Summary: This tiny restaurant presents great tasting if not totally authentic Ghanaian food and friendly service.
I first came across Tropical Paradise, a Ghanaian restaurant in Berkeley, in the electronic pages of (where else?) the East Bay Express. The review of this relatively new restaurant was quite positive, and as a lover of West African food (some of my first culinary efforts were based on the recipes in the African News Cookbook) I knew I had to try it. In the meantime, my friends Aamani and Victoria (who is married to a Ghanaian) had also heard about the restaurant and were planning on going - so we all decided to go together and bring our husbands and children. That we did early on a Saturday evening in May 2005. We made reservations as we were going to be twelve (plus 3 babies) and they prepared a long table for us.

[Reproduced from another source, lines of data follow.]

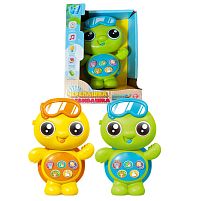 Музична іграшка “Черепашка розвивашка” 26840 “WToys”, ОЗВУЧУВАННЯ УКРАЇНСЬКОЮ МОВОЮ, 8 казок, 10 пісень, віршики, тварини, підсвічування, в ко
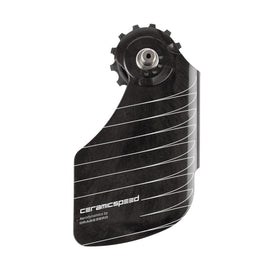 CeramicSpeed OSPW Pulley Wheel Aero Alpha System Shimano 9250/8150 - Coated Races Aluminum Pulley Carbon Cage BLK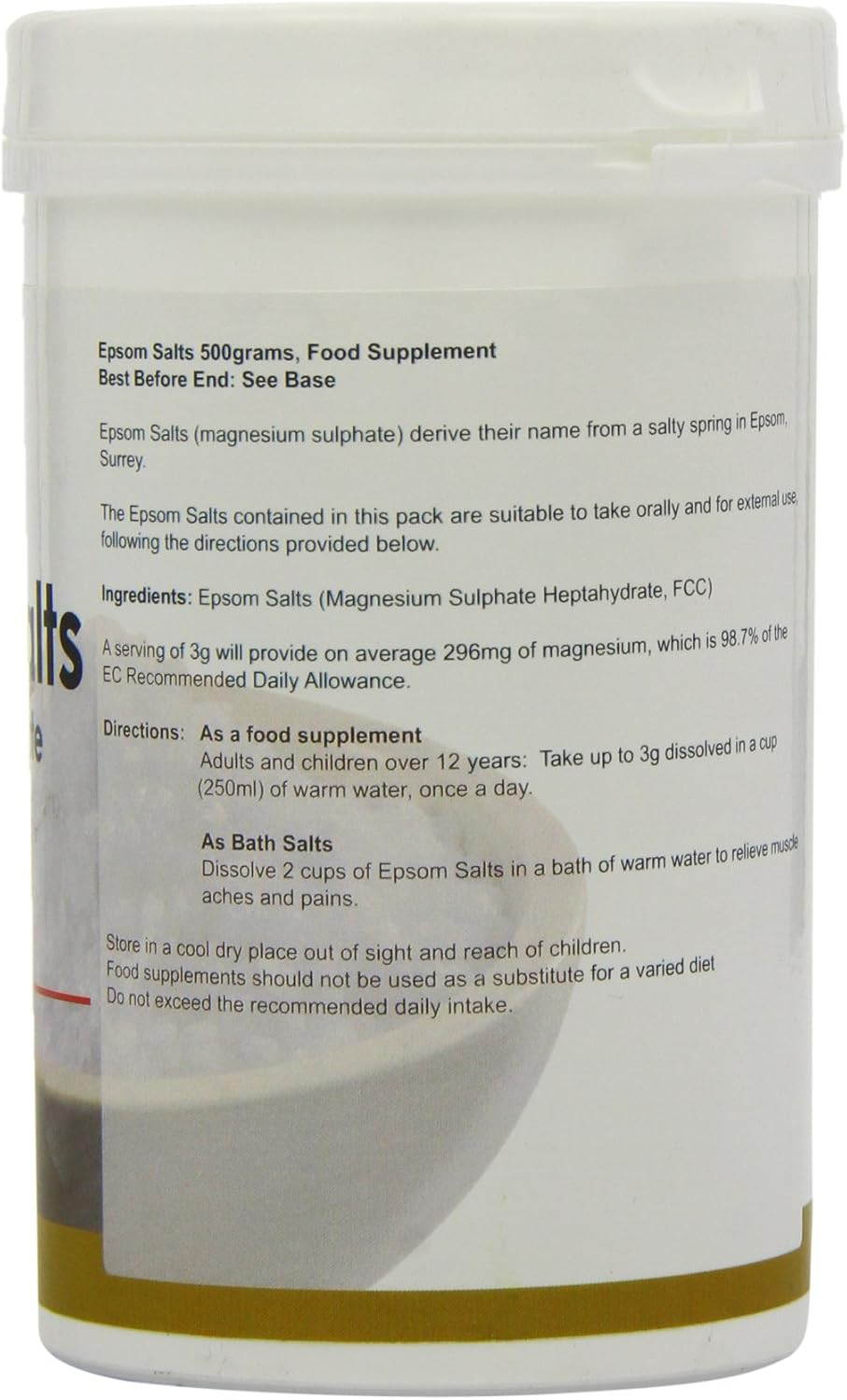 Power Health 500g Epsom Salts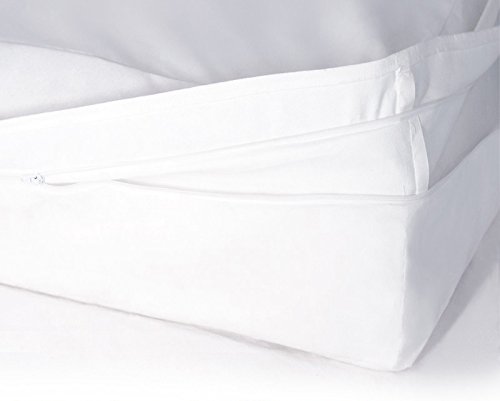 Softsan Matratzenbezug milbendicht 140x200x25 cm, Höhe 25 cm, Encasing, Milbenschutz für Hausstauballergiker milbenkotdicht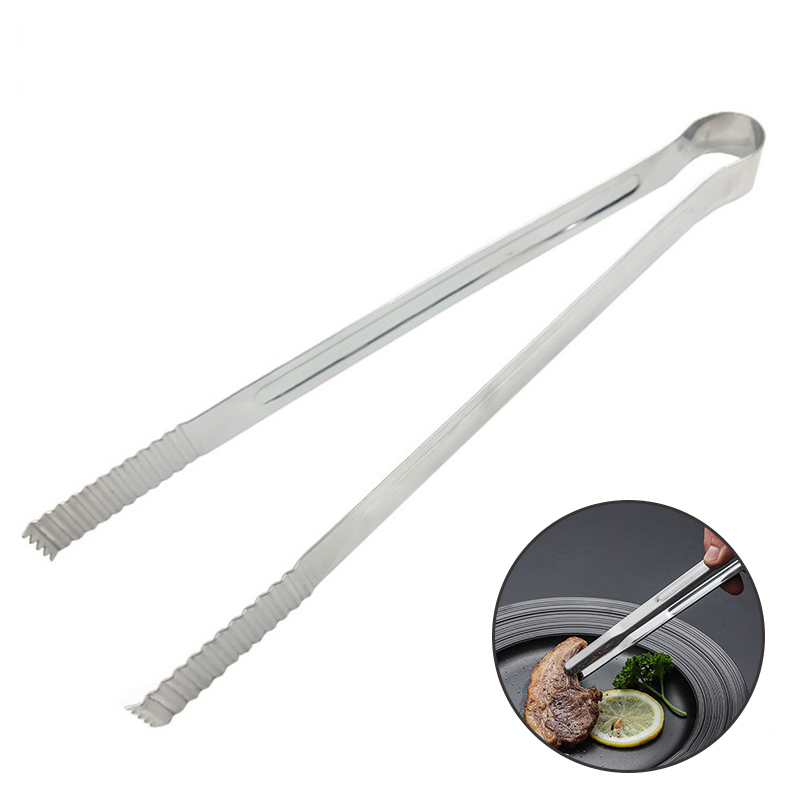 스텐 요리 주방 캠핑 바베큐 물결 집게 30cm DD-10660 천뚱 먹방 초밥 뷔페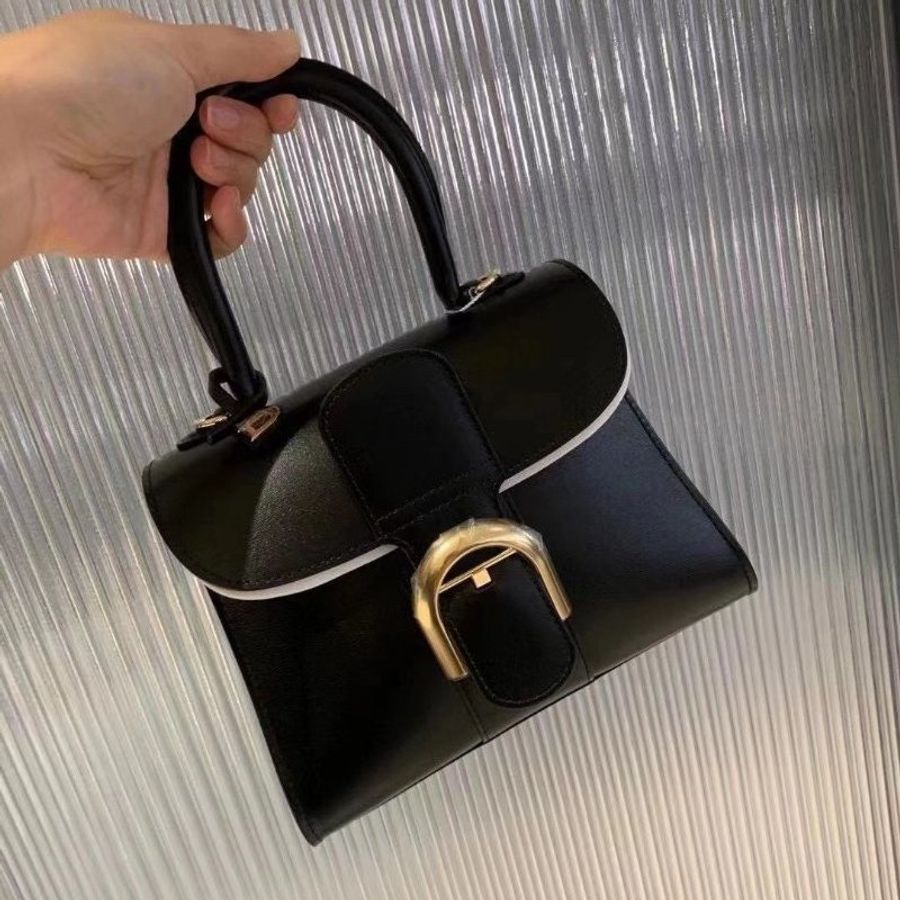 "限時降價 夏季折扣"-Delvaux Box 小牛皮 迷你 Brillant包 黑色《2024季度★全新商品 》-3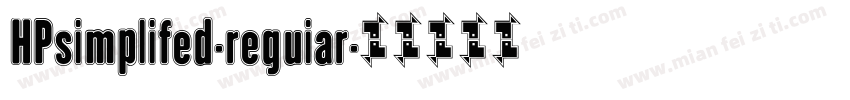 HPsimplifed-reguiar字体转换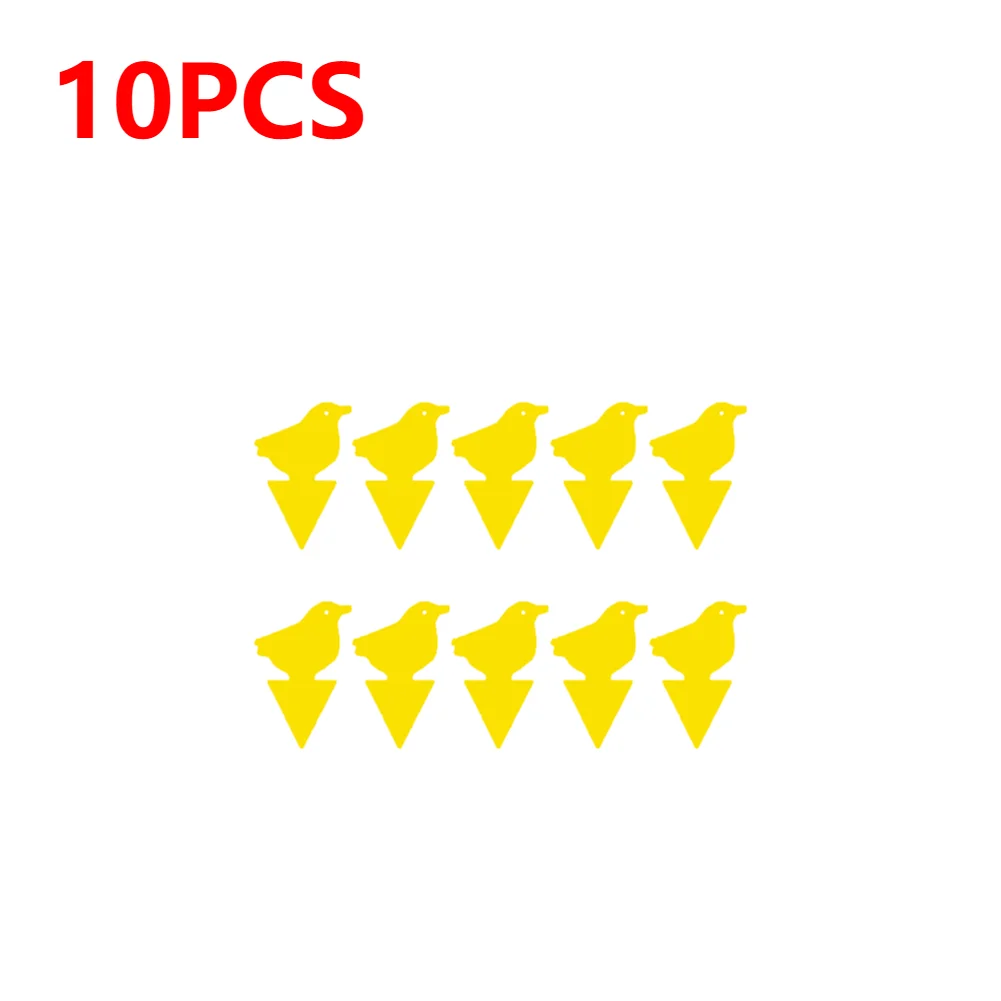 10-40 Stuks Vangplaten Fruit Fly Trap Geel Sticky Bug Trap voor Binnen Buiten Gebruik Insect Ongediertebestrijding tuin Sterke Lijm Plant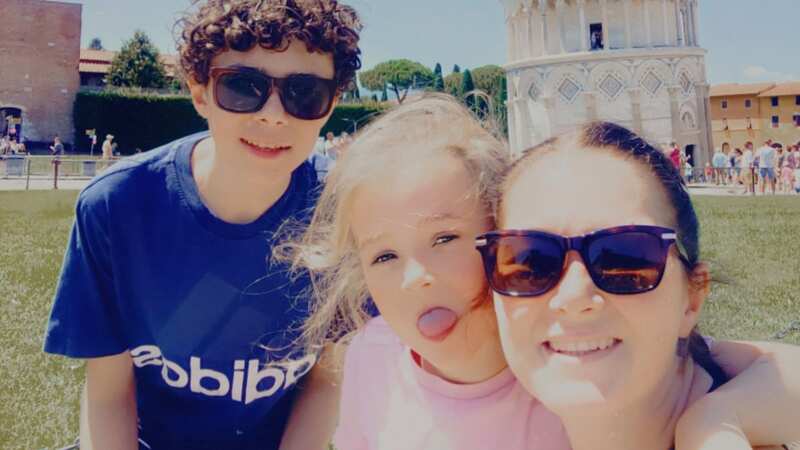Roxanne Balciunas flew her kids out to Pisa in Italy (Image: Kennedy News/ Roxanne Balciunas)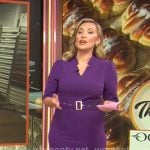 Kelly O'Grady's purple belted dress on CBS Mornings Kelly O'Grady's purple belted dress on CBS Mornings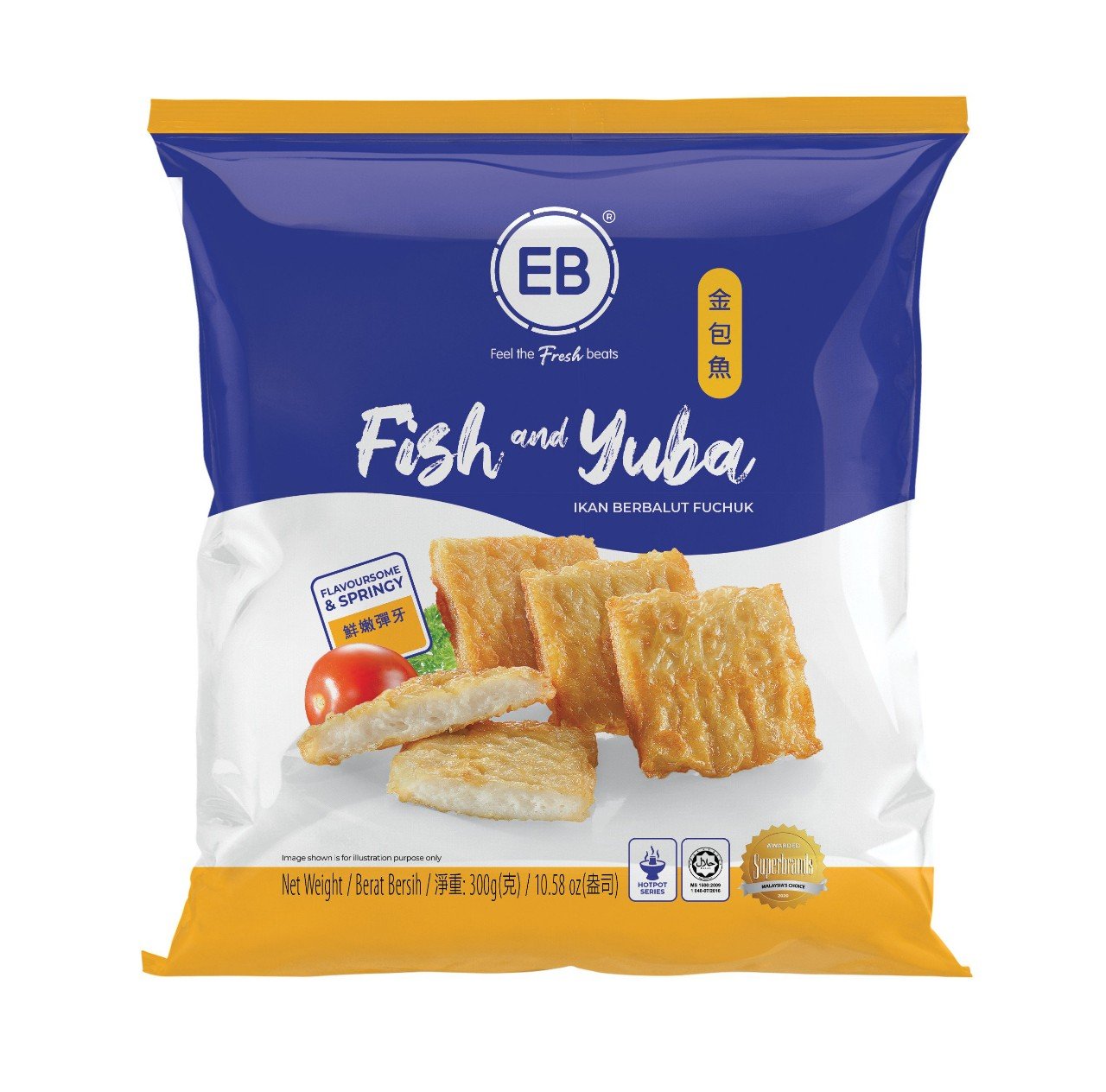 Chả cá yuba eb malaysia 300g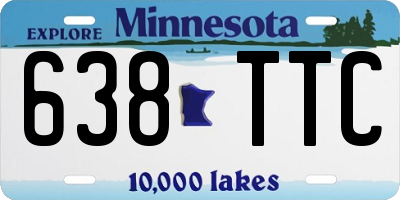 MN license plate 638TTC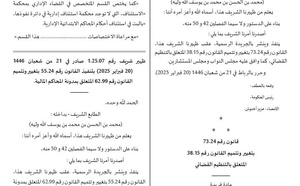 آخر تعديل للتنظيم القضائي في المغرب.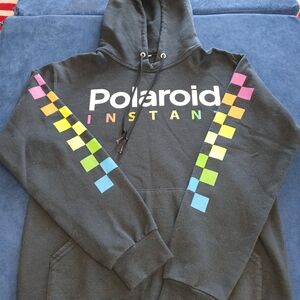 Polaroid Black Sweater with Multicolor Design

The little restaurant is conveniently located on University Avenue, near Shattuck. It features a brief menu that includes some of the most traditional Ghanian dishes: chicken and beef chichinga (skewers of meat marinated in mustard, lemon juice, ginger juice and garlic), fufu (yam or plantain dumplings) with your choice of soup, kenkey (fermented corn dumplings) with your choice of stew and kelewele (ginger fried plantains) among others. Entrees come with a side of jollof rice, kelewele and either spinach stew or black-eyed peas, but you can also order some of the items a la carte. Prices range from $5.50 for two skewers of chicken chichinga to $15.50 for the grilled salmon dinner.
With twelve people at the table, we got to order a little bit of everything; the consensus was that all the dishes were good to excellent. The one dissenting voice was Geoffrey, the sole Ghanaian among us, who felt that the dishes were incorrectly spiced, lacked the needed complexity and were almost uniformly disappointing. He did like the jollof rice, however and even he couldn't deny how delicious the friend plantains were.
Of the dishes I tasted, I liked the friend plantains the best. They came as a side to my beef chichinga dinner ($9.50) but you can also order them separately ($6.50 for a fairly large portion). Next time I'll definitely do so as those were the best fried plantains I've ever eaten. They were cooked to a perfect consistency, not too soft, not too firm, sweet but not overwhelmingly so and were just delicious.
We also really enjoyed the chicken chichinga; it was moist and had a new flavor, somewhat acidic, and quite inviting. The children all liked it. We were not so fond of the beef chichinga. The marinade was good, but the beef itself was too tough. Do yourself a favor and go with the chicken.
Mike ordered the peanut soup with plantain fufu. The peanut soup was excellent, with a strong peanut flavor, somewhere between peanut butter and Thai peanut sauce. It's definitely a must for any peanut lover. The dumplings themselves had too mild a flavor to compete with the soup, but they provided substance to it. You definitely should order it.
I ordered their special punch, the name of which I don't remember, but it was a fruit drink spiced with ginger. It was very good, refreshing and with a nice kick. I'd order it again.
People in our party also raved about the spinach and the salmon.
Service was friendly and competent, especially considering that the sole waitress had to deal with all twelve of us (plus the babies) as well as other tables. They were wonderful in setting the table for us, getting us enough high chairs and booster seats and accommodating needs such as getting some food quickly to the table to feed hungry children.
The restaurant itself is pretty small but pleasant. All the tables have a view of the kitchen and of the Nigerian-looking gentleman dressed in Nigerian green working there.
In all, we were all very happy with our experience there and would definitely go back.